» Data supplied
/---
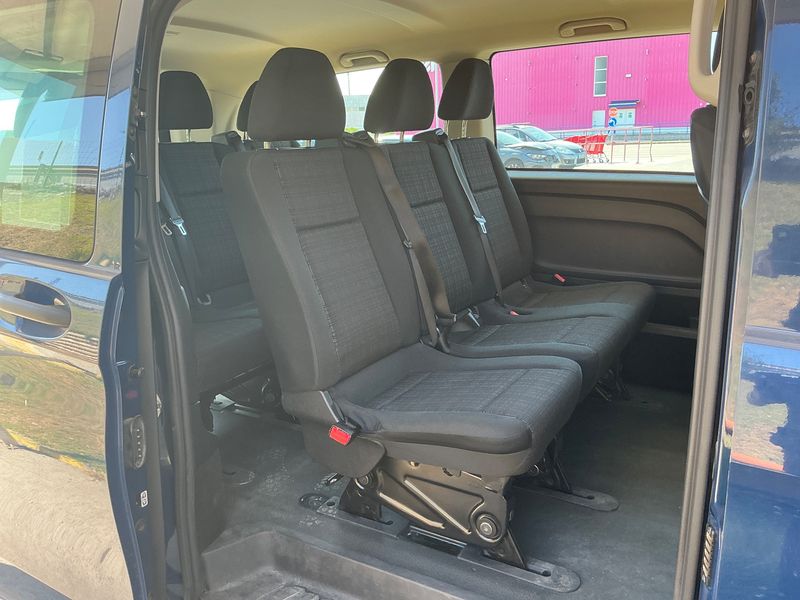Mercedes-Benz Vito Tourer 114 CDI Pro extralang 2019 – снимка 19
\---
/---
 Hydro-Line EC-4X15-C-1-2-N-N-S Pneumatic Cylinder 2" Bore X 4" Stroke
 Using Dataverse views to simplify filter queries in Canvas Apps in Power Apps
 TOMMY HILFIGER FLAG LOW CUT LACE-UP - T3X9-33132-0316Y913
\---
» Work to be completed
Copy out precisely the lines from the line with "Using Dataverse views" to the line with "TOMMY HILFIGER FLAG" in the material above, including those two lines and omitting all the rest.

» Answer below
 Using Dataverse views to simplify filter queries in Canvas Apps in Power Apps
 TOMMY HILFIGER FLAG LOW CUT LACE-UP - T3X9-33132-0316Y913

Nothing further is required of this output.